## Action item
Repeat every line of the data exactly; no picture belongs in the copy.

*** Opening Data section ***

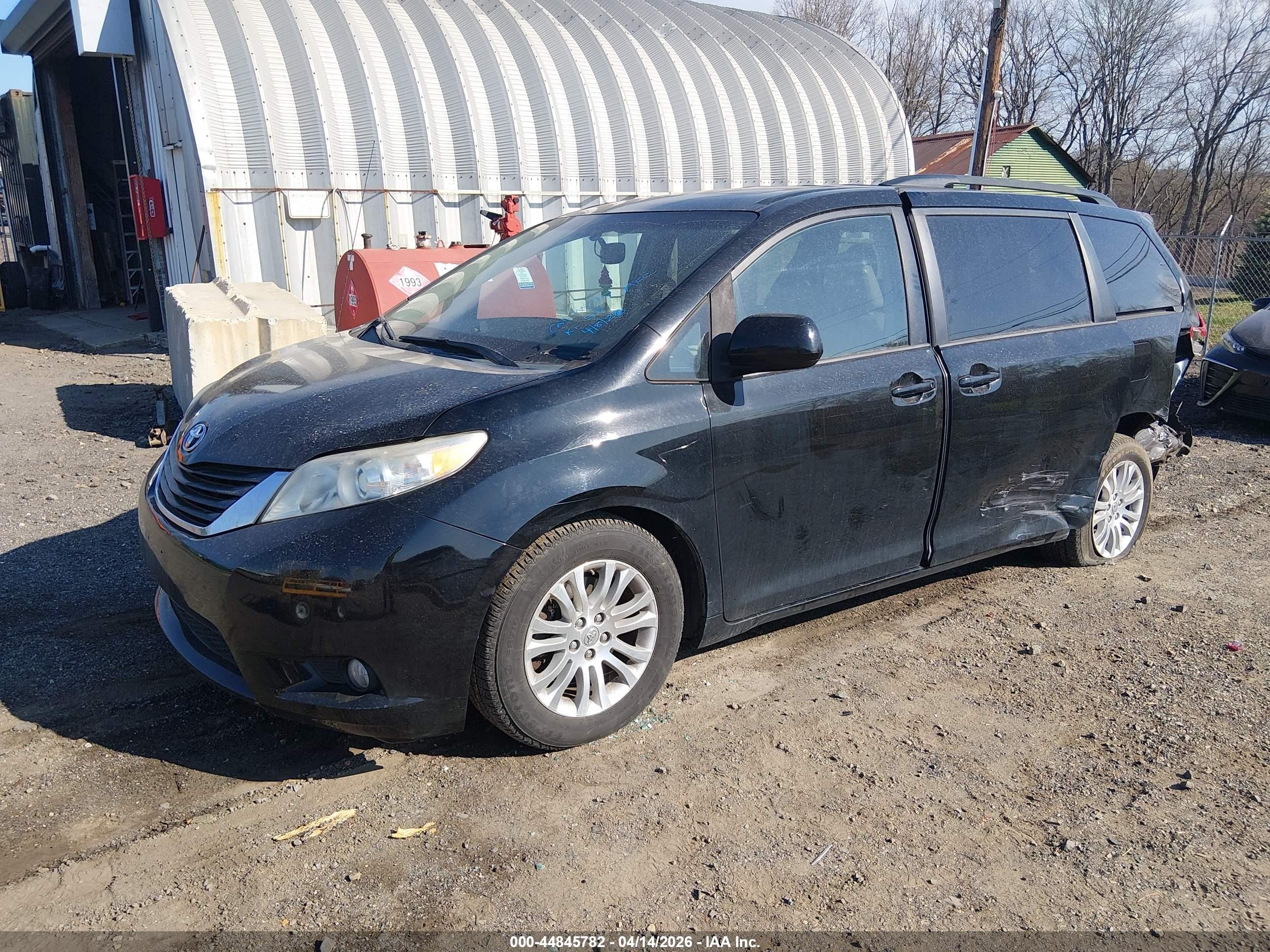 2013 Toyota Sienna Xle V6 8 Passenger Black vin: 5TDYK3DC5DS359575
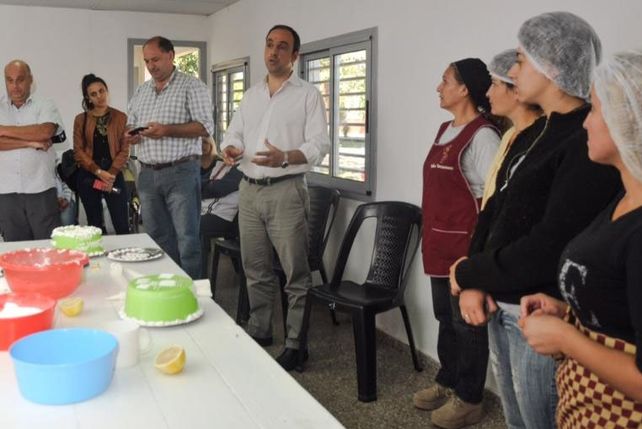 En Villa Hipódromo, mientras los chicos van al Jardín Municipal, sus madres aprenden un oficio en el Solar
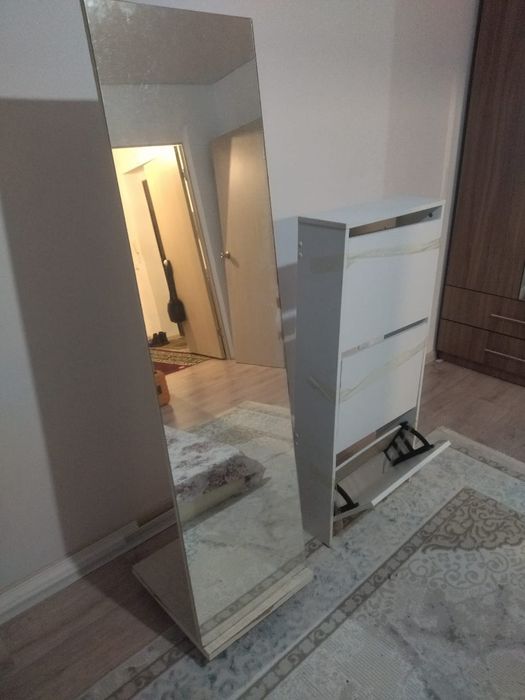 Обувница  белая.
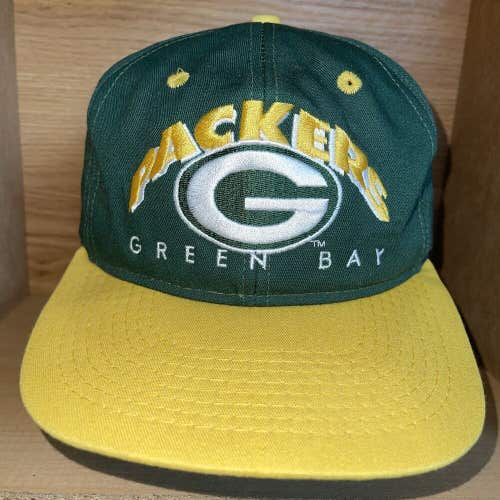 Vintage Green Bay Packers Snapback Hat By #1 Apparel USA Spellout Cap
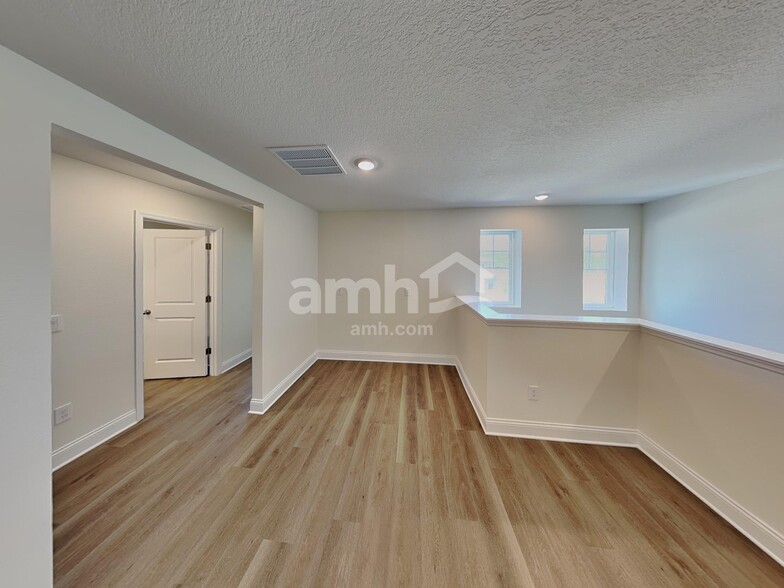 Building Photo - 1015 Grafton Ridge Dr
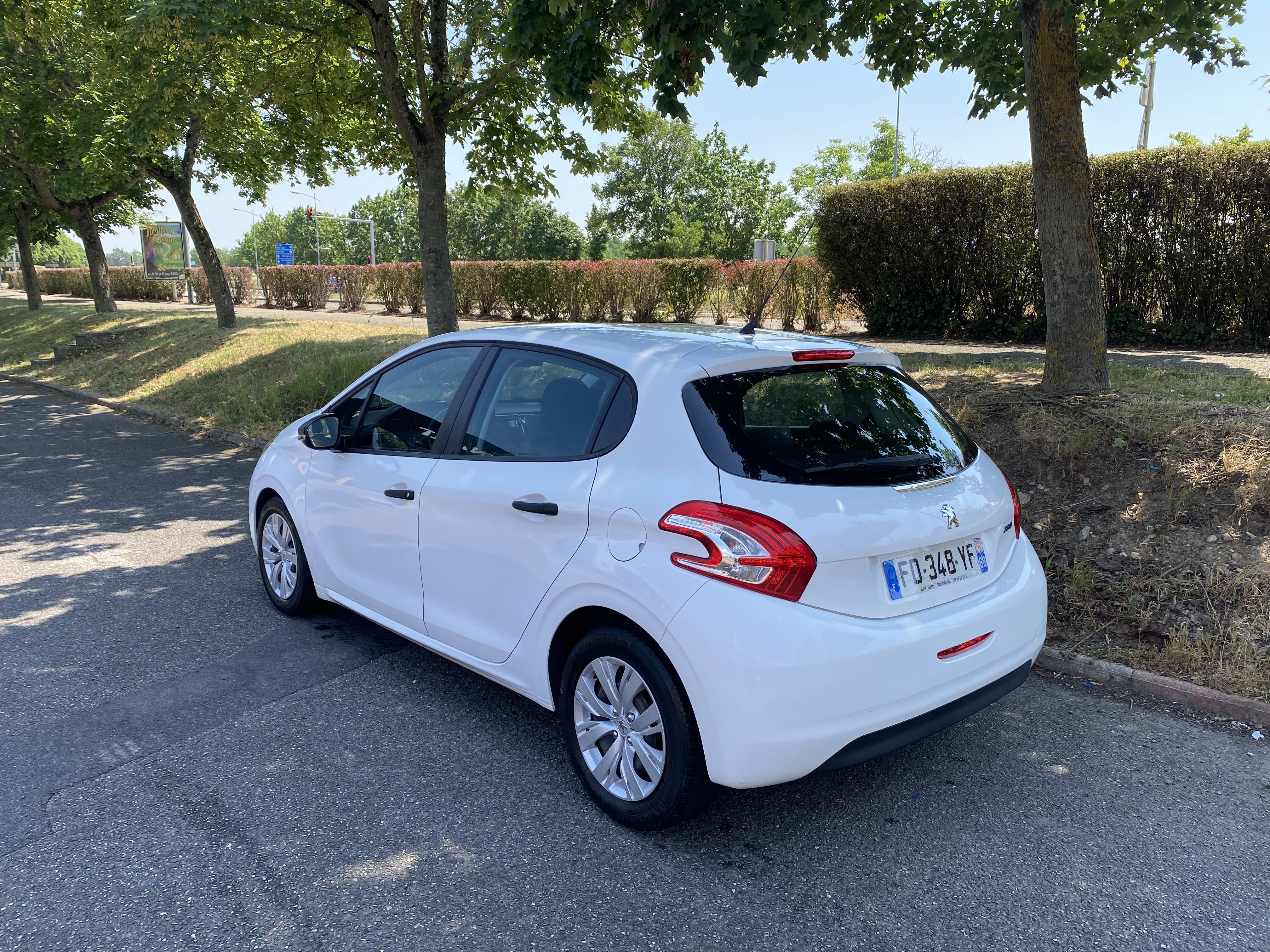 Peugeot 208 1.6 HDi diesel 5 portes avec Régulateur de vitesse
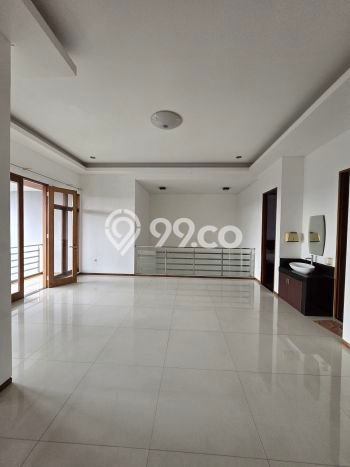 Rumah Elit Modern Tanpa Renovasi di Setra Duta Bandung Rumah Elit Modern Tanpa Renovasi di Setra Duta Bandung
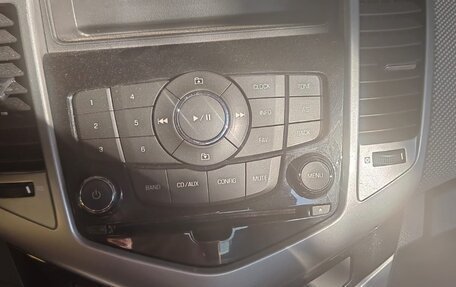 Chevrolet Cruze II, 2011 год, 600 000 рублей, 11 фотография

*** Closing Data section ***

## Answer box
 2013 Toyota Sienna Xle V6 8 Passenger Black vin: 5TDYK3DC5DS359575
 En Villa Hipódromo, mientras los chicos van al Jardín Municipal, sus madres aprenden un oficio en el Solar
 Обувница  белая.
 Vintage Green Bay Packers Snapback Hat By #1 Apparel USA Spellout Cap
 Building Photo - 1015 Grafton Ridge Dr
 Peugeot 208 1.6 HDi diesel 5 portes avec Régulateur de vitesse
 Rumah Elit Modern Tanpa Renovasi di Setra Duta Bandung Rumah Elit Modern Tanpa Renovasi di Setra Duta Bandung
 Chevrolet Cruze II, 2011 год, 600 000 рублей, 11 фотография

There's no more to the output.